Will the real Heston Blumenthal step forward?

Living in Bray in Berkshire means you have won life’s lottery.  Your house is still worth more than most third world cities and you live in a village with Michael Roux’s Waterside Inn and two Heston Blumenthal eateries;The Fat Duck and The Hind’s Head Hotel.  At The Fat Duck, popping over for a quick lunch involves over £200 a head and so the need to sell your children to the Belgians or part exchange your vitals for a glass of port.  The only sane move is the outstanding Hind’s Head Hotel.

The best gastropub in the UK?

This old pub contains two dark secrets. The first was that Prince Phillip had his stag night here and that should have been reason enough to burn the place down and turn it into a drive through Morrissons.  Fortunately the villagers of Bray, who are a house proud lot saw sense and kept it as a pub.  The second dark secret is that Heston Blumenthal is engaged in some pretty scary experiments involving a turkey baster, some L’essence du Heston and a flask of liquid nitrogen. Let me explain.

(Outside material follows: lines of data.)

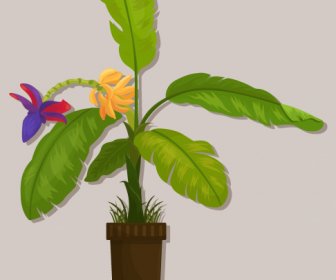 Decorative Plant Icon Banana Sketch Colored Classic Design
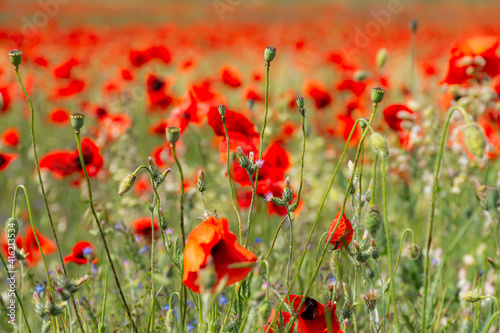 Beautiful poppy field in bright sunlight. Spring flower background  full frame  shallow depth of field. Field of wild flowers. The concept of hot May days  the approach of summer. Natural background.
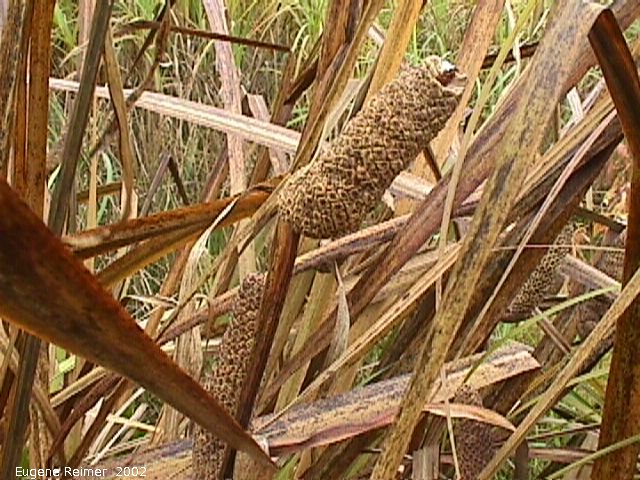 IMG 2002-Oct10 at PTH12 near Sarto:  Calamus sweetflag (Acorus calamus) dried-flower-spike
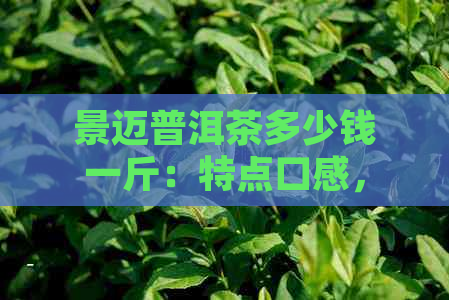 景迈普洱茶多少钱一斤：特点口感，价格解析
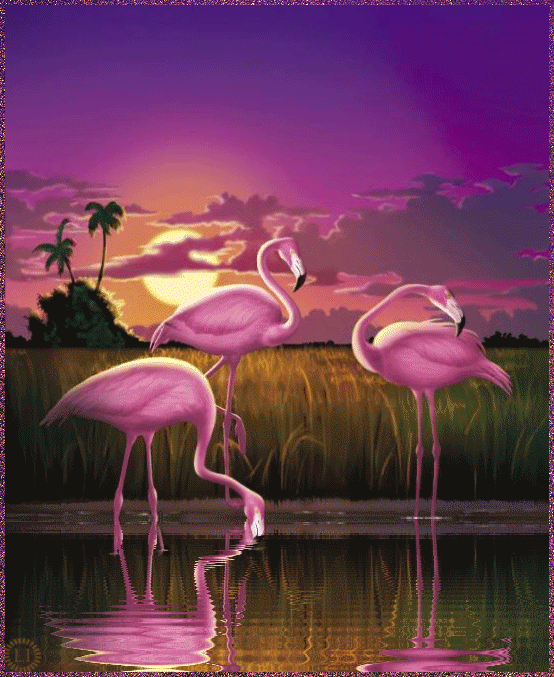 Розовый фламинго в лучах заката~Анимационные блестящие открытки GIF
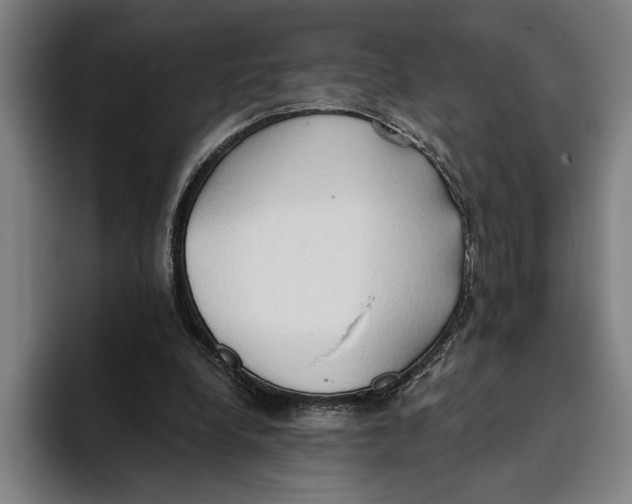 X0000093380248200711081550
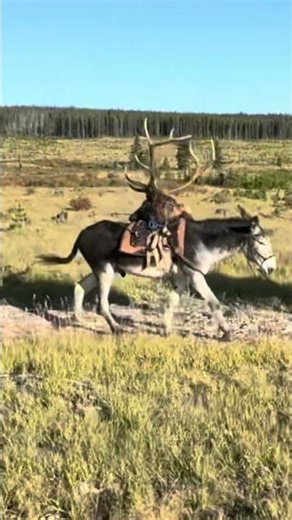 Donkey packing out an elk #hunting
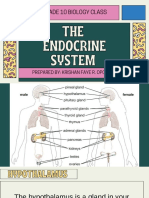W2 - The Endocrine System Lesson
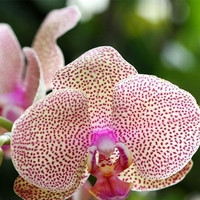 加庭 蝴蝶兰花苗盆栽 斑点（3个月开花买三 送一）-不含盆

Heston is a striking chap.  Shiny of scalp and prone to wearing some rather trademark Joe 90 glasses, a description that the makers, Sergio Hipthruster, would no doubt reject.  But these two things are Heston’s trademarks just like Gary Rhode’s hedgehog hair, Jamie’s estuary English and Ainsley Harriot’s inability to cook. 

The original (I think)

But it seems that either the great man isn’t content with the title Restaurant of the World and has been reading Boys From Brazil or his recruitment policy is verging on the bizarre. The truth is that eighty percent of the male waiters look like Heston so either he’s been cloning himself in the test kitchen or everyone he employs not only wants to work for him they want to look like him.  It seems like there are four stages of Hestonism, as follows:

  • Plongeur Heston

This is where you start in the Heston empire.  Your hair is cut to one inch and you are allowed some trainee glasses.  You are taught to smile, serve bread and say “Yes I really love that too”

  • Comi Heston

Here your glasses are removed but you’re given the regulation sixteenth of an inch buzz cut. You’re taught how to walk and smile.

  • Sous Heston

By now you are a top notch waiter, your hair is even shorter and your now wearing the steel framed version of the master’s famous glasses.  People will do a double take in the street.

  • Chef Heston

You are now Maitre d’Hotel and are sporting the full regalia of crop top and Joe 90’s.  You’re invited to open Farmer’s Markets and often do phone-ins on Radio Berkshire.  You’ve been known to earn up to £3000 for a speaking engagement.

 But apart from the Heston clones – how is the restaurant. Fabulous. Excellent. Wonderful. I am so sick of overpriced, London, wannabee rip-off joints and the Hind’s Head is everything a good restaurant should be.  They take classics and execute them perfectly from the pea and ham soup to the oxtail and kidney pudding.  Not vast greasy portions just perfects tastes.  They even do a Scotch Quails Egg (£2.25) which is the first I’ve been able to eat following public school food trauma.  The soup was at the perfect temperature, warm enough to banish the chill but not so nuclear that your mouth lining was hanging off in strips. The oxtail pudding was so comforting I wanted to climb inside and hibernate. The only let down was the famous triple cooked chips that are a bit ordinary.

Stop what you’re doing and go now. Call 01628 626151and a Heston clone will welcome you with open arms. All six of them.